Look for me on Facebook (like you haven’t already). No luck?

That’s because I don’t have one. I did for a hot second when I graduated high school, but by the time I had started college I had already deleted it. Now as a junior I don’t feel like I’ve missed anything by not having one.

This annoys people. If I had a dollar for every time someone told me to make one or that they would make one for me, I could buy some serious state-of-the-art noise-canceling headphones.

First off, I don’t want pictures of myself floating around on the Internet. Everyone Facebook-stalks everyone else, and I’d really like to not be a part of that. It’s weird and creepy to see people go through other people’s pictures.
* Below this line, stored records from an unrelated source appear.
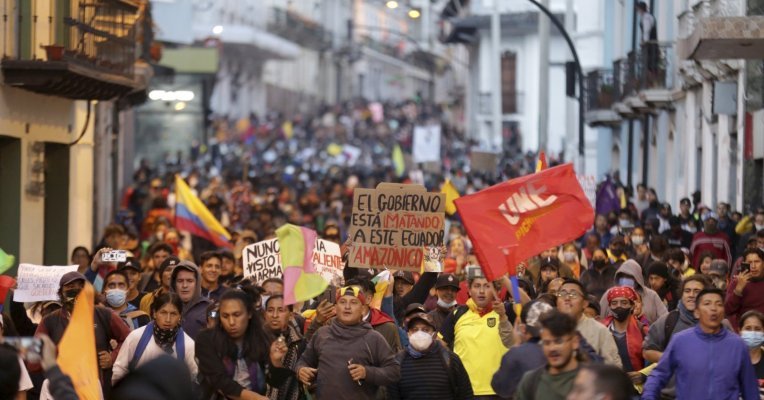 Za niskie płace i inflacja: na świecie mnożą się strajki i demonstracje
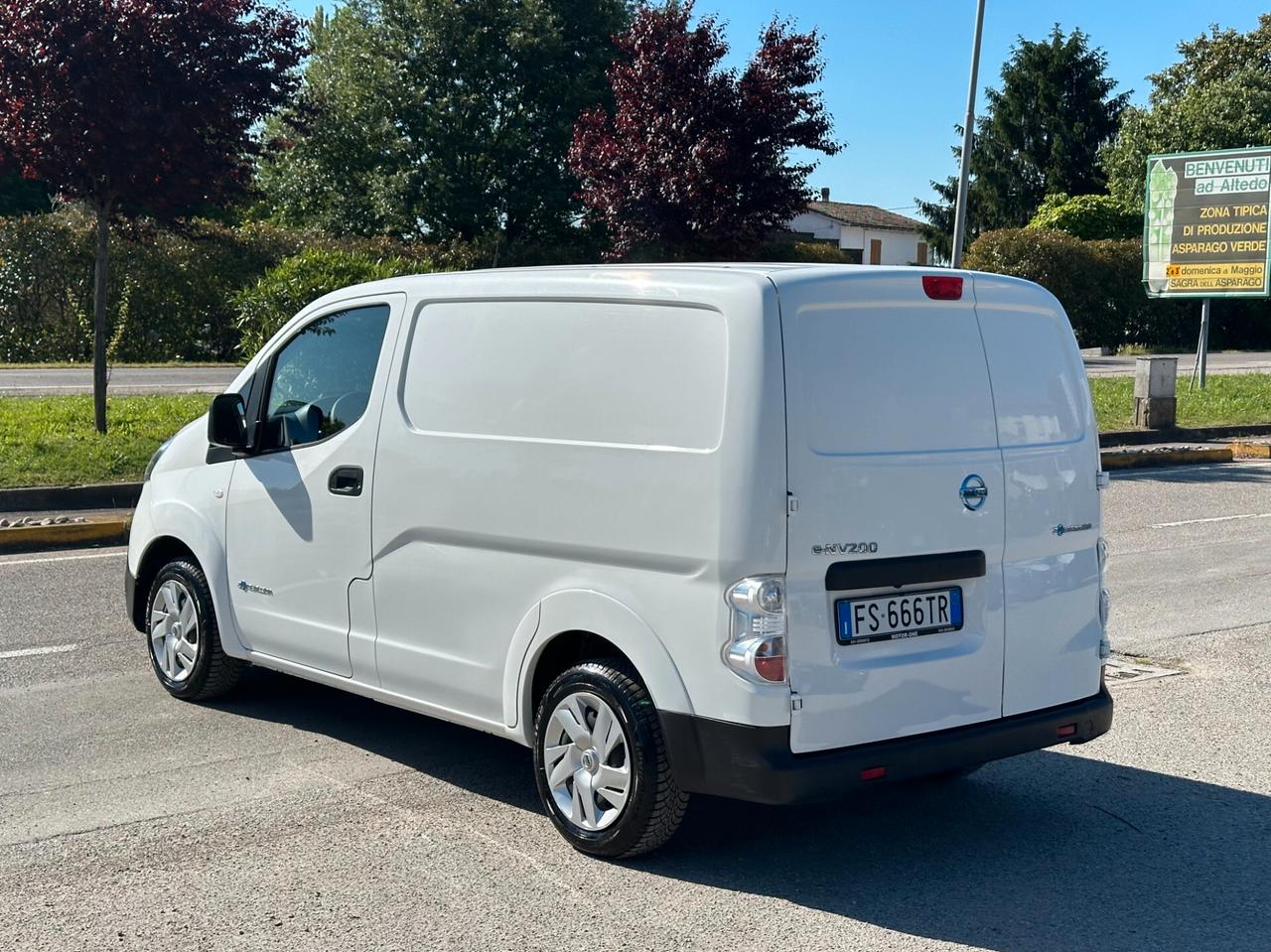 Nissan Evalia EV 2.Zero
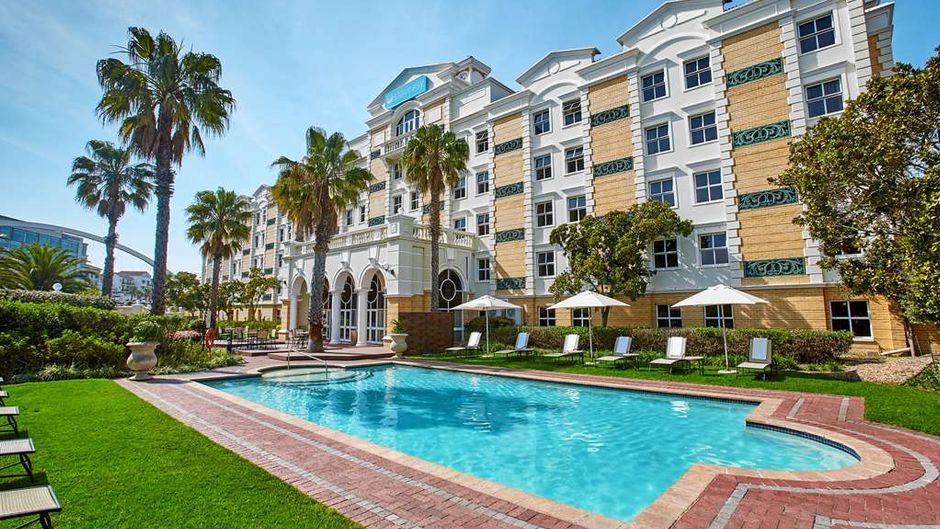 StayEasy Century City Exterior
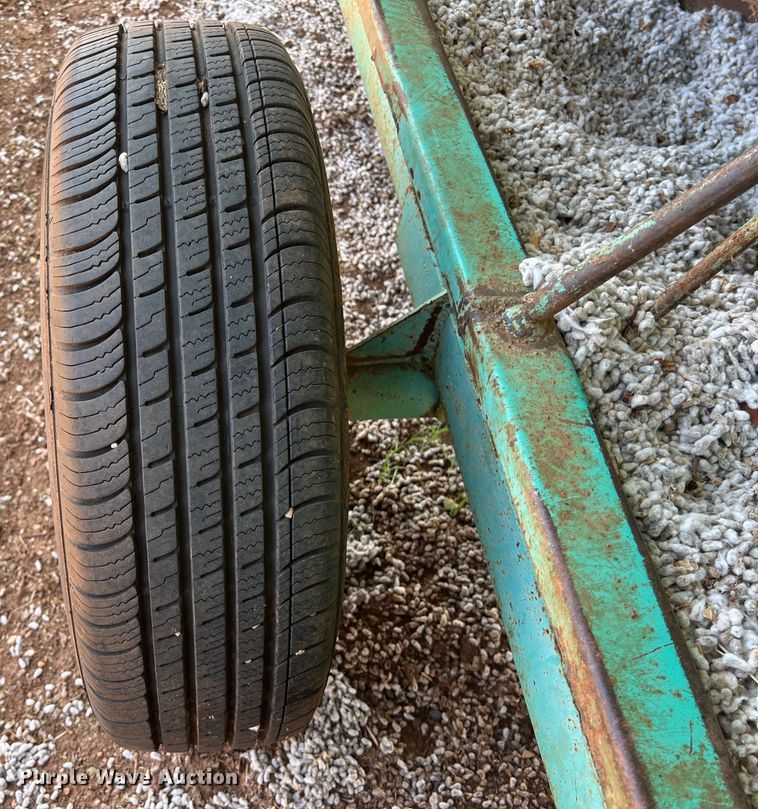 image for item LU9841 Creep feeder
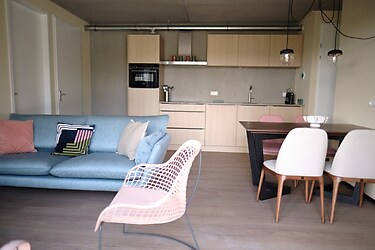 Hillside Comfort 4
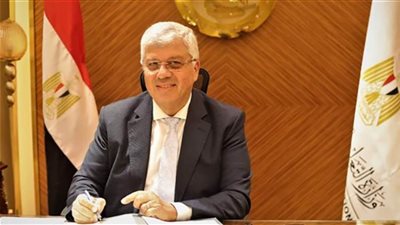 وزير التعليم العالي يعلن صدور عدة قرارات جمهورية بتعيين قيادات جامعية جديدة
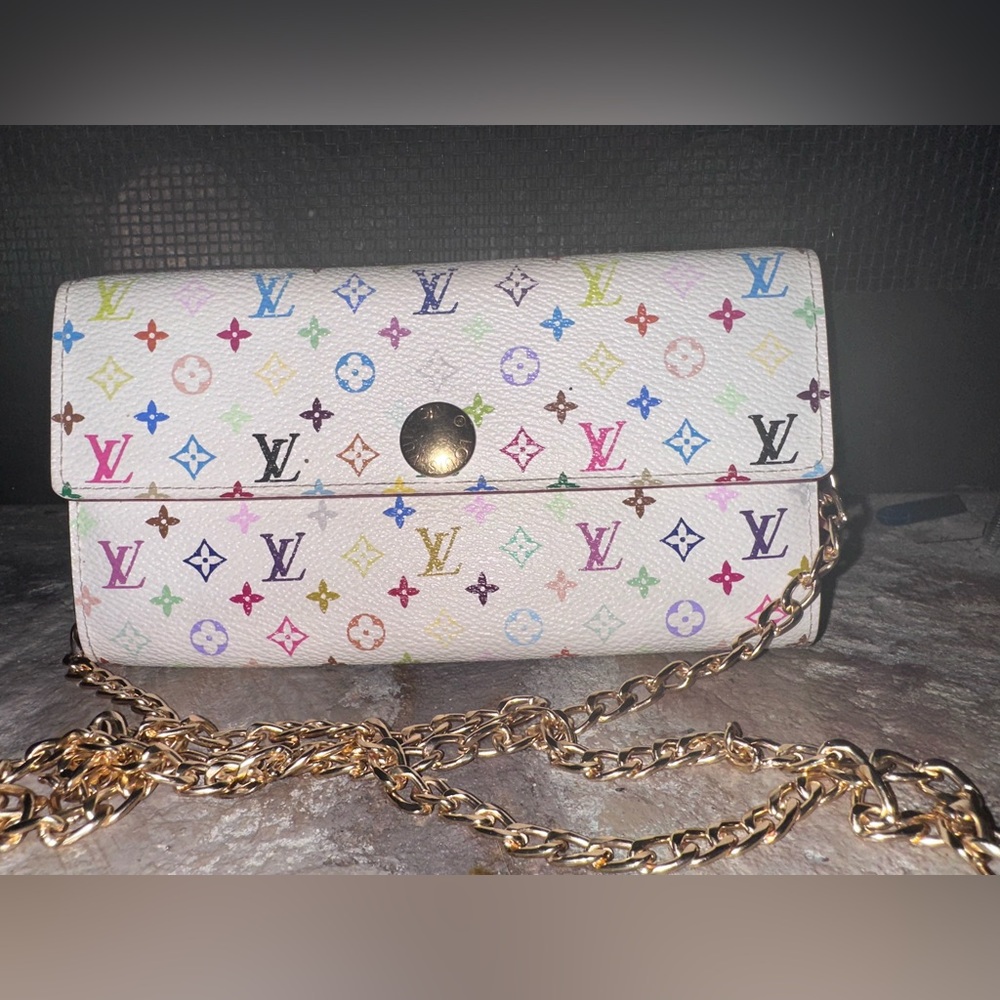 AUTHENTIC Louis Vuitton White Murakami Sarah wallet with chain w/COA! 🔥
When people are on Facebook in class, I like to watch how long people look at certain pictures and what kinds of people they’re looking at.

How awkward would it be to be there when some person you don’t really know is going through all your pictures? Or worse, while they’re sitting in the front row of a crowded classroom where everyone behind them can see?

Then there’s the matter of revealing your interests, hobbies, musical and cinematic tastes, major and other personal information. I’d rather people get to know me by spending time with me rather than skimming some Web site for information. I don’t want someone to ask me if I like bands they already know I like or if I’ve seen movies I’ve listed as favorites. That’s cheating.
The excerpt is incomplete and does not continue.